Viceroy Linlithgow was convinced that there was no necessity to make any concessions during the war. But with the international situation getting increasingly ominous. President Roosevelt of the US and President Chiang Kai-Shek of China as also Britain’s Labour Party leaders pressurized Churchill to seek Indians ‘cooperation. Moreover, the Japanese had attacked Pearl Harbor in 1941 and invaded Burma, reaching closer to India. The British Cabinet was forced to make a declaration of its war aims so as to obtain India’s full support. When Lintithgow saw the draft declaration, he tendered his resignation, which the Cabinet did not want to accept then. Churchill was in a fix. He was saved from making a difficult choice when Sir Stafford Cripps offered to go India as representatives of the War Cabinet. Cripps was credited with having won over the Soviet Union as an ally during his term in Soviet Union as the British Ambassador. His success in India would have presented him as serious rival to Churchill. Churchill could hardly have wished Cripps to solve the Indian problems. However, Winston Churchill announced on March 11, 1942 that British Cabinet was sending a mission to India under Sir Stafford Cripps. Cripps announced that the aim of the British policy was the earliest possible realisation of self-government in India. But the Draft Declaration he brought with him repeated the promise of granting Dominion Status and a Constitution-making body after the war whose members would be elected by provincial assemblies and nominated by the rulers in case of the princely states . On the demand for Pakistan, a provision stated that any province unwilling to accept the new Constitution would be able to have a separate agreement with Britain regarding its future status. But for the present, the British would have sole control over India’s defence.

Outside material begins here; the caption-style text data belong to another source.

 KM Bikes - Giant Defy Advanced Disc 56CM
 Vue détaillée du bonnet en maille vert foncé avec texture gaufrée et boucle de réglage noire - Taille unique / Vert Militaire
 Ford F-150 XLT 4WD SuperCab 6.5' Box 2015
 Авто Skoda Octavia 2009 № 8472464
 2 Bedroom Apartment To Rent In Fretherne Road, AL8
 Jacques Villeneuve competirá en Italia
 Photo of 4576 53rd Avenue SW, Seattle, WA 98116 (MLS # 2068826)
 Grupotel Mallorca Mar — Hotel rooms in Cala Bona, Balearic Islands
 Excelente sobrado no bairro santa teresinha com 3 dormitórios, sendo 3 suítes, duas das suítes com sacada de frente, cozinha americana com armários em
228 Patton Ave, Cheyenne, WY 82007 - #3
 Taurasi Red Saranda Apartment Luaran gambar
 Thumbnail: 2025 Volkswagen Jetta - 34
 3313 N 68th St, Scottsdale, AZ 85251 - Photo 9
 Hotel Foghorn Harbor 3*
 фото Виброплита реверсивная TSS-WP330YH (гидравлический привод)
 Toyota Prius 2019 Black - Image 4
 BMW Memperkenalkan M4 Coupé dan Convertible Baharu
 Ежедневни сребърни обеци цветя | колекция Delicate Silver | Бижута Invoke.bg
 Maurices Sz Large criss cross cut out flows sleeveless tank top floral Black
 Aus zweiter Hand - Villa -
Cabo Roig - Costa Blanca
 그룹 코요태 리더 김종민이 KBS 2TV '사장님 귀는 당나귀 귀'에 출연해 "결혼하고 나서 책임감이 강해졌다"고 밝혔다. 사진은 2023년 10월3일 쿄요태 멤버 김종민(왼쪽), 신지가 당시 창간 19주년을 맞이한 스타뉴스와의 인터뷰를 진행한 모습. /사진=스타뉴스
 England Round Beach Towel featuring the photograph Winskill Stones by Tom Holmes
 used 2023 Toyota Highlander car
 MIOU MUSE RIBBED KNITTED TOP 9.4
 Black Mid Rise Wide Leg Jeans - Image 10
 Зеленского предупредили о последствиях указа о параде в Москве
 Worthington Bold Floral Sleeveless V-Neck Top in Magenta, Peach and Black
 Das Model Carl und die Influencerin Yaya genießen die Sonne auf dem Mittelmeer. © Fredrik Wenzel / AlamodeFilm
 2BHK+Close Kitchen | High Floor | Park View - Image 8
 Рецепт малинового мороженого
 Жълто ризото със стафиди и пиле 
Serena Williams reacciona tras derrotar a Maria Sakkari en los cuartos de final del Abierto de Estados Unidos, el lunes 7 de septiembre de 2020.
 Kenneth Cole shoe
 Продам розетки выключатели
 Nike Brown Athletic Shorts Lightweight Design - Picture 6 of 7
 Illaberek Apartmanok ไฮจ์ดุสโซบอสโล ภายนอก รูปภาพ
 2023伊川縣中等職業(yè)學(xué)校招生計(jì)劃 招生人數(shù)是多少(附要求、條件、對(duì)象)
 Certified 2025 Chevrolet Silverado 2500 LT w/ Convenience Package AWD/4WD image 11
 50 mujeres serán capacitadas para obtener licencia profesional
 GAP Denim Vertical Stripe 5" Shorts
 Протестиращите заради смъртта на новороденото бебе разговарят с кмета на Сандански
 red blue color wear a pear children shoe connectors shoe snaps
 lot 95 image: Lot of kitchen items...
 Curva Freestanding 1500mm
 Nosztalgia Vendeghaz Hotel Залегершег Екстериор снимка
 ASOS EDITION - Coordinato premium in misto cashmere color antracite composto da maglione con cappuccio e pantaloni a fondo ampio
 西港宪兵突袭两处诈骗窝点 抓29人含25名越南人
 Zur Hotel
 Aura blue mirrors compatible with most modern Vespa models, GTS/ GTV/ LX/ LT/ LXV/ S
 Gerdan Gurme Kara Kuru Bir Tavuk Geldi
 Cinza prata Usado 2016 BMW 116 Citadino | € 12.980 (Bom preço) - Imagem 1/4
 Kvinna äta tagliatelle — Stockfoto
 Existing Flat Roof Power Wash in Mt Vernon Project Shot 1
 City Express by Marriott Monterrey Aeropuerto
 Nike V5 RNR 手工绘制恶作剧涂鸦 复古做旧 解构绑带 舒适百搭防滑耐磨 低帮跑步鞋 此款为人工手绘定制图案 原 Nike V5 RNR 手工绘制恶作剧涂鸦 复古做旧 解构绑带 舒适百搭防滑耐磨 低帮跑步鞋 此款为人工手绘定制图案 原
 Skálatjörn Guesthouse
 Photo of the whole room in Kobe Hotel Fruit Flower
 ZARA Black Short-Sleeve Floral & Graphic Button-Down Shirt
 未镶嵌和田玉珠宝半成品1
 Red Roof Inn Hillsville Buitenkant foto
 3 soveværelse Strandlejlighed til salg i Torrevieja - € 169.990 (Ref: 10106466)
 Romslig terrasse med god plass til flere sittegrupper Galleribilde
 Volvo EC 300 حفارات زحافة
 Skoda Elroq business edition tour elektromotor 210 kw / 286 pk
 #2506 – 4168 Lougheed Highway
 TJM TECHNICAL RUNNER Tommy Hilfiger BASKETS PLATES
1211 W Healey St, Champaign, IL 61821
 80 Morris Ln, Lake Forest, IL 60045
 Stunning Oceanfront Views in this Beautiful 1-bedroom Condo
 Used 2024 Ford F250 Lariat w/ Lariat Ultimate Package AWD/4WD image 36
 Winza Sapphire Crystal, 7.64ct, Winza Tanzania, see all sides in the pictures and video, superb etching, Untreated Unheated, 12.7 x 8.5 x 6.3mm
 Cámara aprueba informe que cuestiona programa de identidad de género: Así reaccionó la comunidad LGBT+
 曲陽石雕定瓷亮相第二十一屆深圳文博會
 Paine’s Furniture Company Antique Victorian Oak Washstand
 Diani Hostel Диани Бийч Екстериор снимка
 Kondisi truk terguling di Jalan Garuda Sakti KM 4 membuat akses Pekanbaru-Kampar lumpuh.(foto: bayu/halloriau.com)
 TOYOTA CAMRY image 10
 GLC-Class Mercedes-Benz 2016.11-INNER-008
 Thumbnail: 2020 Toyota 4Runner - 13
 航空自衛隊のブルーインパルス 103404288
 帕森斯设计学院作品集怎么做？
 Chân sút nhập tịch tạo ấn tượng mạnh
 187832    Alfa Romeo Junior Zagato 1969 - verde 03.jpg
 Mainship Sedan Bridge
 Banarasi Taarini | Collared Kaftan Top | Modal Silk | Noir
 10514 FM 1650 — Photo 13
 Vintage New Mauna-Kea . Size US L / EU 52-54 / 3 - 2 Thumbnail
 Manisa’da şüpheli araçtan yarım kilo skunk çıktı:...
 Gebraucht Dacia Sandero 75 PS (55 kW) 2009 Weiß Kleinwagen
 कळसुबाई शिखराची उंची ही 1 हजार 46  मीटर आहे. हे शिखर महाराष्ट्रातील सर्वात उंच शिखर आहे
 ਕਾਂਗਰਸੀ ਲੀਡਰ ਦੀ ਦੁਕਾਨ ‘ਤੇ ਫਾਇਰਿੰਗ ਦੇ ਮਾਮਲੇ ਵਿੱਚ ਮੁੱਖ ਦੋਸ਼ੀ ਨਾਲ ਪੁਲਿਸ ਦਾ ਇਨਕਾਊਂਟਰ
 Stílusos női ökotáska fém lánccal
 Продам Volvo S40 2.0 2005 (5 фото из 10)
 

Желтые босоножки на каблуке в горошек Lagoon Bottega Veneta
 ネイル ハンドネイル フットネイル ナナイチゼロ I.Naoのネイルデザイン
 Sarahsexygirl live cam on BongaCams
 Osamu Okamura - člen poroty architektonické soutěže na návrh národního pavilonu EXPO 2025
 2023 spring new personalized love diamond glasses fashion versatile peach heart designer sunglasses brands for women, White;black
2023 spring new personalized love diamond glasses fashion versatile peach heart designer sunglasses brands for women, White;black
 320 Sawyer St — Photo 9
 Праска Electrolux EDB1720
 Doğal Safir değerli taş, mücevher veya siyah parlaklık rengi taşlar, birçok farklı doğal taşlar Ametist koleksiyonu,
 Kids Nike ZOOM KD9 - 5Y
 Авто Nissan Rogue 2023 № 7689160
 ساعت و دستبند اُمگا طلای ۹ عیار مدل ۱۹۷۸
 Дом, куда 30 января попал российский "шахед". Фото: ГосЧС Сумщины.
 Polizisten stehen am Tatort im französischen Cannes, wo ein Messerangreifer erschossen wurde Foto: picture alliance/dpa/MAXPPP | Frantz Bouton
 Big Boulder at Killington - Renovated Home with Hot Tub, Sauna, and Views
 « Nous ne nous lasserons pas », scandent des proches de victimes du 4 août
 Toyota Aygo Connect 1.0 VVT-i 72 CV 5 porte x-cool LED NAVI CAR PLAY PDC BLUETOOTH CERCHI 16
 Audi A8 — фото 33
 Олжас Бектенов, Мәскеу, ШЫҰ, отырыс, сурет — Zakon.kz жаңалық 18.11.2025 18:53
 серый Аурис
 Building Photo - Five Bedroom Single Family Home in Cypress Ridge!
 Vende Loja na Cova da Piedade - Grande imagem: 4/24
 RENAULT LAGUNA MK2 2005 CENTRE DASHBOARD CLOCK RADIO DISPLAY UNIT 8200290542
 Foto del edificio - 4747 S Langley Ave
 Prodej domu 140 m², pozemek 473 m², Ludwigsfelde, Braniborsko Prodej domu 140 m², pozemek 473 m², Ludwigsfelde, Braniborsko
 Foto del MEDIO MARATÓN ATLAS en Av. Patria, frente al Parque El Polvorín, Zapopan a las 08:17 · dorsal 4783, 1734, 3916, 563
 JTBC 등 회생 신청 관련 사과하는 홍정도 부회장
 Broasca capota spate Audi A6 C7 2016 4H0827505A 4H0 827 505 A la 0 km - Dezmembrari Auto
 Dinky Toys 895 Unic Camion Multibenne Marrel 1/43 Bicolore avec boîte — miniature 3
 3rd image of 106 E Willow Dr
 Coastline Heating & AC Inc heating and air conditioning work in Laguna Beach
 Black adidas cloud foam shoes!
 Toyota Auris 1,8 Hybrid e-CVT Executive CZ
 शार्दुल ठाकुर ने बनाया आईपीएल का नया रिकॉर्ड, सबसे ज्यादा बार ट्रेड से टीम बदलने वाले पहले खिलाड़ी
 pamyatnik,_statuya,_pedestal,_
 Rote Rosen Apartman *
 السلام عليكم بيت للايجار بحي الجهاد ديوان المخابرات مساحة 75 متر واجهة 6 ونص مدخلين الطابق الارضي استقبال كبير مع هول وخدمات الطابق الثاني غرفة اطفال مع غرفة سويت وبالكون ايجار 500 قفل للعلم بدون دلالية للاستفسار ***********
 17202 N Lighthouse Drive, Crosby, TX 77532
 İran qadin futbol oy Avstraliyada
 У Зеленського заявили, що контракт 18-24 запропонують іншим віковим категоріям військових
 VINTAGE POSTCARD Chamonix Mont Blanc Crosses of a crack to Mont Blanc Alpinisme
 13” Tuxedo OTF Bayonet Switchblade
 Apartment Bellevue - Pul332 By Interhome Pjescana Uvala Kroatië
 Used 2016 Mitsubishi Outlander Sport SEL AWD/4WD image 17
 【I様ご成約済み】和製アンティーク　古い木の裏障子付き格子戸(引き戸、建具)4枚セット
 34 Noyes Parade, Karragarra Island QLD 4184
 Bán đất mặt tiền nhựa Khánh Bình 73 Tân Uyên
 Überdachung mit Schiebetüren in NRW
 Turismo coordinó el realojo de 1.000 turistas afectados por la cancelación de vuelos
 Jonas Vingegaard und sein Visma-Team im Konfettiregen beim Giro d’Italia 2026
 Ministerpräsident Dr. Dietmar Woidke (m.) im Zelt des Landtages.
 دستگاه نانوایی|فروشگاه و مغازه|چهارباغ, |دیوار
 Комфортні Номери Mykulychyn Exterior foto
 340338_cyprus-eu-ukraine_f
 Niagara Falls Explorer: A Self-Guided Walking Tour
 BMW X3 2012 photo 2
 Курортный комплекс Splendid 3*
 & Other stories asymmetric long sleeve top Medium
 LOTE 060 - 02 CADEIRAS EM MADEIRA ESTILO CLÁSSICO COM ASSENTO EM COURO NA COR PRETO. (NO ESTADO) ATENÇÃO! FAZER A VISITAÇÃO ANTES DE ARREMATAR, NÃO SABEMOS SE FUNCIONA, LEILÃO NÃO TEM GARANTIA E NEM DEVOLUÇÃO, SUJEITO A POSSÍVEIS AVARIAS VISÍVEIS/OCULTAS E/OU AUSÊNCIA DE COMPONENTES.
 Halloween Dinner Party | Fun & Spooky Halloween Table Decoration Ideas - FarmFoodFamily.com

Negotiations between Cripps and Congress leaders were unsuccessful. Cripps had been told not to go beyond the Draft Declaration. The congress objected to the provision granting Domination Status rather complete independence; the representation of the princely status in the constituent assembly not by the states’ people but by rulers’ nominees; and provision for India’s partition.Britain refused the Indian demand for immediate transfer of power to them and for a real share in the responsibility for the defenCe of India. The Cripps offer (called a ‘post-dated cheque’ by Gandhi) was rejected.